# tail/nosepress



## Guest (Feb 11, 2008)

Hi everyone! I have been trying to do tailpress but without success. I can make the front of the board to lift but it comes down very quickly. what should I do to hold it in position? thanks for help!


----------



## Guest (Feb 11, 2008)

Maybe I can give some help (I just succeeded in tailslides).
What helped me allot was first lifting up your rear feet and pressing it back rather hard (while lifting your front foot up slightly), this makes your front foot going up even higher, and so (logically) does the nose of yr board(depends on how hard you press yr backfoot down off course). 

Once you succeeded in this (it's not hard at all), the next step is to jump and then do a tail slide, but this is allot more difficult (did n`t managed to do that myself, yet  )

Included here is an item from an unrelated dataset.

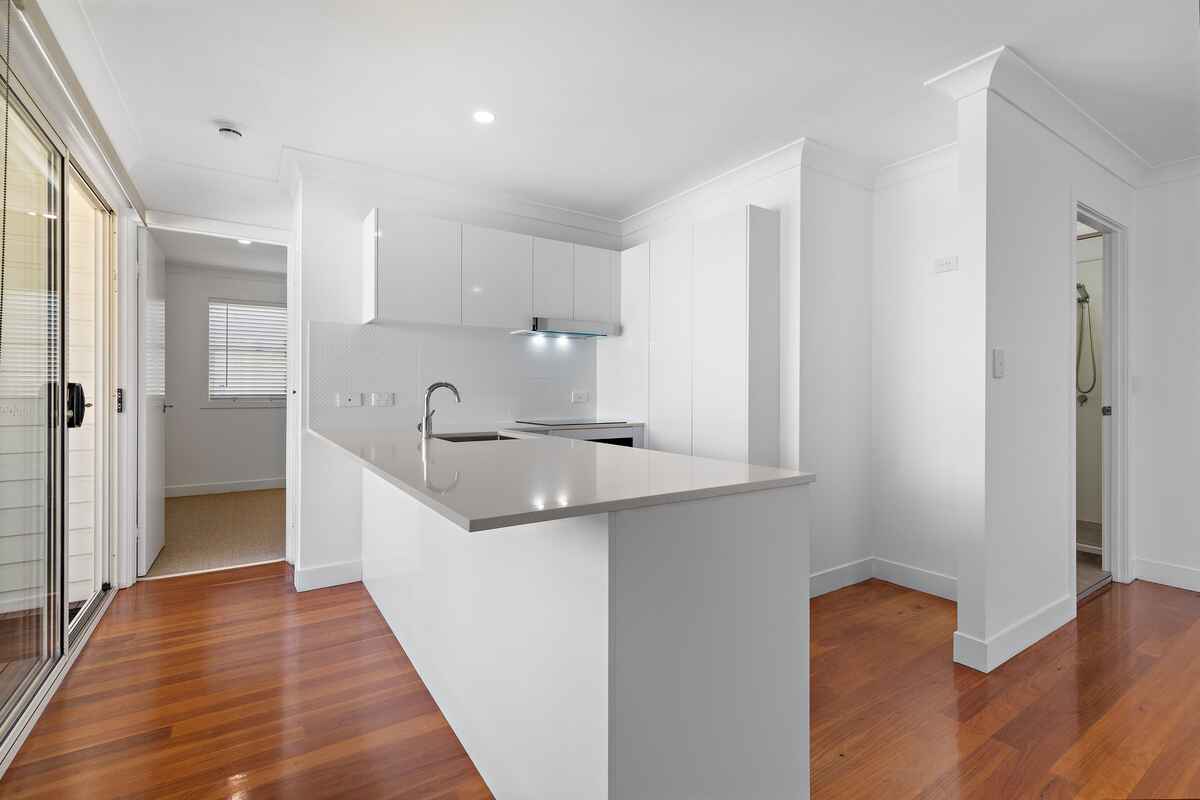 17 Seashore Lane Marcoola 17 Seashore Lane Marcoola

But as snowolf pointed out, you can`t do this when your board is too stiff.


----------



## Guest (Feb 11, 2008)

thanks, I will try this next time I go on snow. I have this board Nitro Snowboards | TEAM ART ATTACK WIDE 162


----------



## Phenom (Dec 15, 2007)

I can do a good tail press for a long time by reaching down with my back hand and grabbing my tail end then lifting up the nose. Grabbing the tail forces you to keep your weight back and helps with balance


----------



## Guest (Nov 2, 2008)

I have also been trying nose and tail presses before the season starts so i will breathe new life into this thread once again and hope it gets going for both of our sake's. . . when practicing tail presses inside my house i usualy do a nollie and then lean all they way back onto the tail, i find that this actaully gets me onto the tail of the board and not just leaning over the back binding. . . NOW i will ask for help, what advice can any of you guys give me on nollie-ing into presses, or ollie/nollie out of presses i have a lot of trouble there, hope i can get some advice and thanks in advance!


----------



## Guest (Nov 4, 2008)

actually snow wolf you answered just about every question i had. . THANK YOU!


----------